After last week’s incredible, edge-of-your-seat episode it was time to re-enter the crazy world of Fargo knowing full well it was the penultimate episode and the hugely suspenseful episode eight may have just been a precursor to even more suspenseful, hand-over-mouth moments. Especially because this was the episode where the fabled Massacre Of Sioux Falls would finally take place. And make no mistake, it was a massacre.
To begin with Fargo introduced another unexpected narrative device (hold on, Fargo introducing an unexpected narrative device? Really?), in the shape of a voiceover, provided by series one star Martin Freeman, who, in his native English accent, read from a true crime book in the present day that described the massacre at Sioux Falls.
This device was canny, not only because of the Freeman recognition factor but because it helped to summarise the story so far. He spoke of the Gerhardts and the Kansas City mob, and the Butcher of Luverne and his wife, Peggy, and of Hanzee. I presumed that at the end of last week’s episode Hanzee walked out of that log cabin and into a hail of gunfire. I was wrong (not the first time, and not the last time). He had managed to weave his way through the woods, take out the local store attendant with a swift gun shot to the head, dressed his scissor wounds and escape in his prey’s car.
Freeman’s voiceover – that of a scholar of true crime telling a story – wondered why Hanzee had betrayed the Gerhardt family and shot his presumed master, Dodd. I wondered the same. Was it because of a long-gestated but secret hate for the man who sprung him from school, patriarch Otto Gerhardt? Was it because Dodd treated him so badly? Or was it because the racist attack before he made it to the log cabin had triggered something within him?
I’m sure we’ll find out soon enough. Hanzee was still at large and, as it turned out, his betrayal wasn’t quite complete.
The seriously incompetent local cops had moved in to take over the case, much to the consternation of Lou. So much so, the arrogant local force banished him and sent him back to Luverne. Hank Larsson decided to stay with the locals, which I didn’t quite get. Lou and Hank had been a close team – bound not only by their family ties but also their military service – and I didn’t quite buy the fact that Hank would just stay with the local cops while his son-in-law was talked down to and sent back home.
The locals’ cunning plan – a plan of Baldrick levels of cunningness – was to take Ed and Peggy to a motel where they would wait until the Kansas City mob, namely Mike Milligan, would show up and they would snare a big fish and win commendations. It didn’t quite work out like that.
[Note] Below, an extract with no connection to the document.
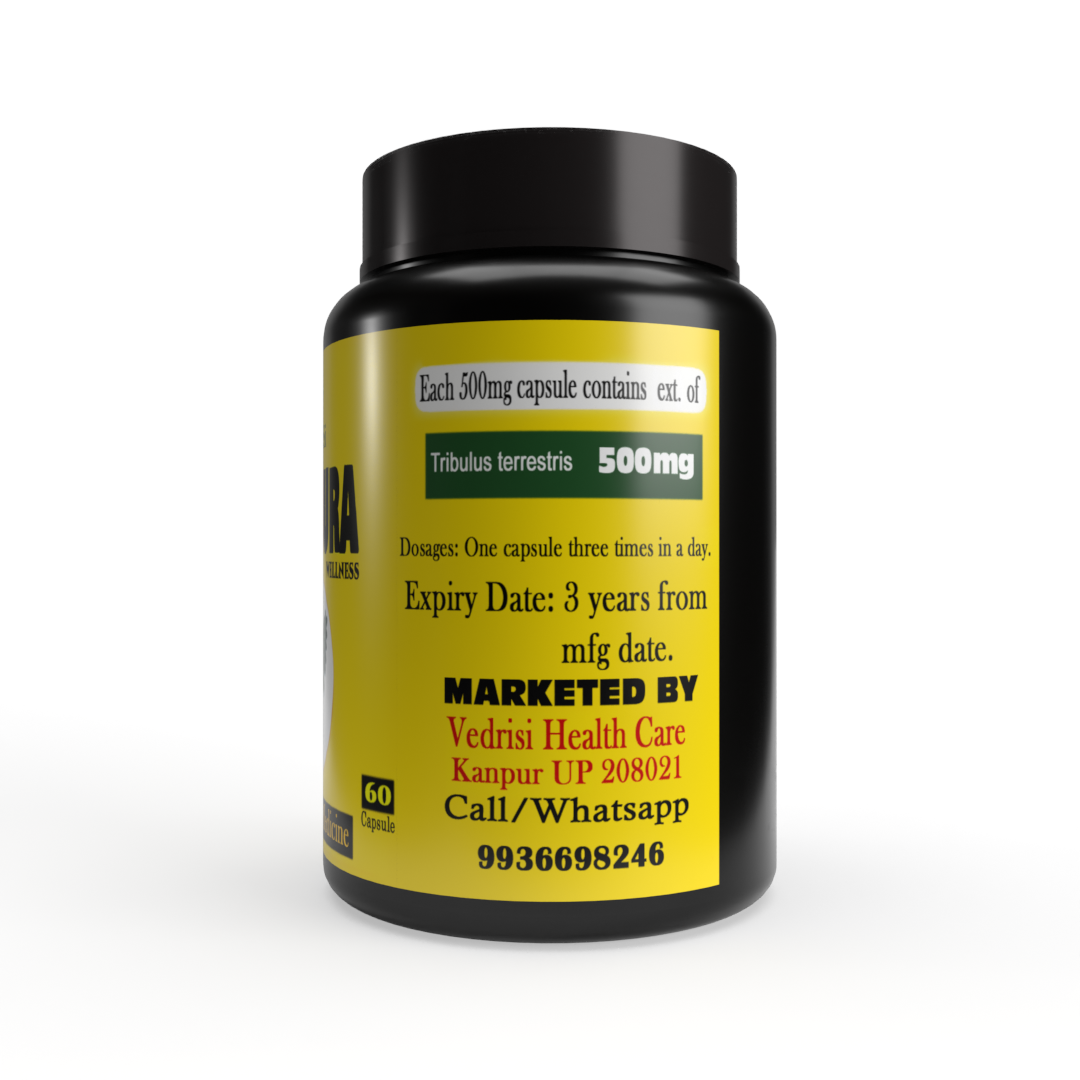 https://cdn.shopify.com/s/files/1/1857/6931/files/03_e110ccb4-1093-4d71-8d34-bd3028397b82.png?v=1709528941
Hanzee was on the phone to Floyd Gerhardt, telling them that the KC mob was holding Dodd at the motel and it was time to act. He was lying, of course. Floyd, Bear and what was left of the Gerhardt family piled into their cars and made the journey over the border to Sioux Falls, their mission to rescue the eldest Gerhardt son.
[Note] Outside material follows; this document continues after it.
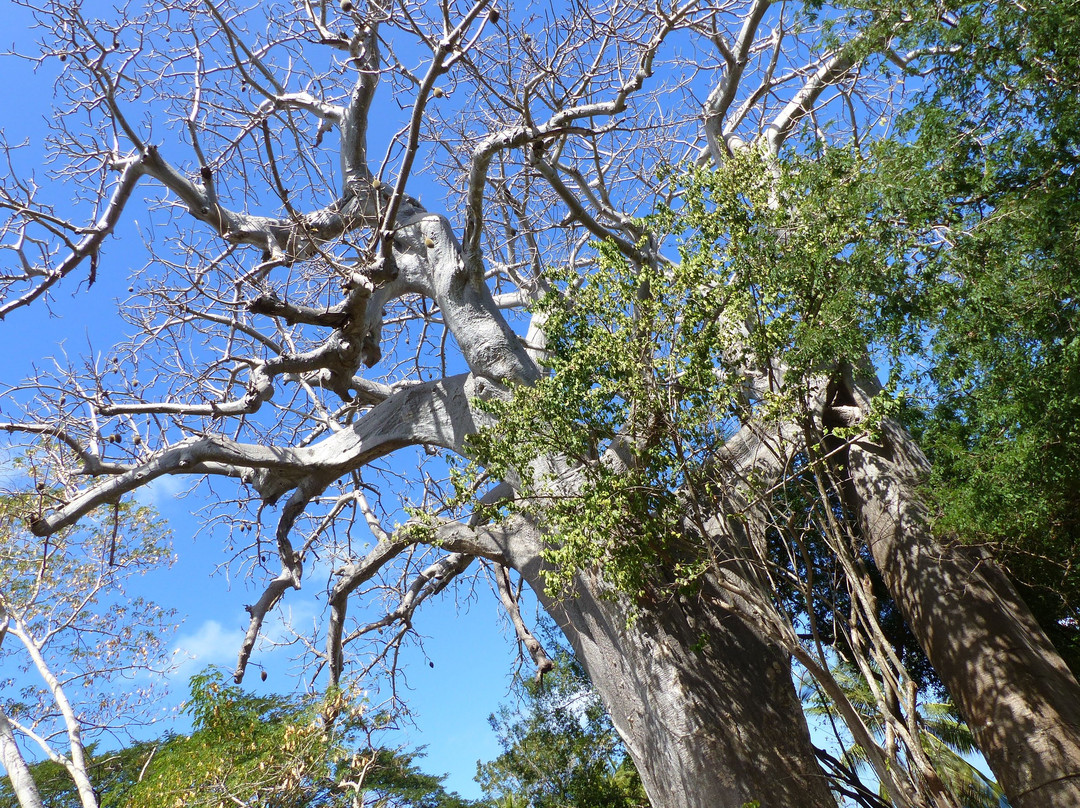 Plage de N'Gouja-Kanikeli必去景点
The Sioux Falls cops, holed up in the motel, were playing cards and talking about how liberating it was to urinate in the outdoors in the lead up to their doom. It was comically portentious, a strange and inncocuous calm before an almighty storm. They had foolishly elected to switch off their radio and maintain radio silence, which meant they missed Lou’s warning that the Gerhardts were on their way. They were sitting ducks as Bear and his team, under the impression that Dodd was still alive and being held captive by the Kansas City mob in the motel, went in all guns blazing and took out pretty much everyone, including Hank, who took a shot to the stomach. I hope Hank doesn’t die – earlier on in the episode Betsy collapsed at home, her time surely nigh. What would it mean to Lou to lose both his wife and his father-in-law on one day? Also a word about Ted Danson, whose performance has been beautifully understated throughout.
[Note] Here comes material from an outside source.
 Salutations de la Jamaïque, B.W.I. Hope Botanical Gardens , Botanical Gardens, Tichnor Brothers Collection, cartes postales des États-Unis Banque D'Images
Not only were most of the police force wiped out, but this massacre also marked the end of the Gerhardt family. Hanzee’s final betrayal was to stab Floyd in the stomach while Bear got it from Lou. But there was another curious interlude in the middle of all the frenzy. The UFO, which hadn’t been seen since the start of the series, made an appearance. As Lou and Bear fought it out and the dead body of Floyd lay sprawled in the parking lot, the UFO hovered above them, a huge eye-like light shining down upon them. In a series of metaphor and counter metaphor, this strange break in proceedings almost felt like the Armistice Christmas truce in World War I, where troops from opposing sides stopped hostitlities for a brief moment. But here there were no carols or casual kick-about here, and instead the UFO seemed to have the effect of making everyone look so small, pathetic even. Suddenly it felt like the Massacre Of Sioux Falls, and subsequently all human-on-human violence, was nothing more than ridiculous and meaningless.
As Hanzee took off after Ed and Peggy, and Lou left an ailing Hank to chase them all down, Mike Milligan and remaining Kitchen brother drove up to the motel. He saw that his job had been done for him.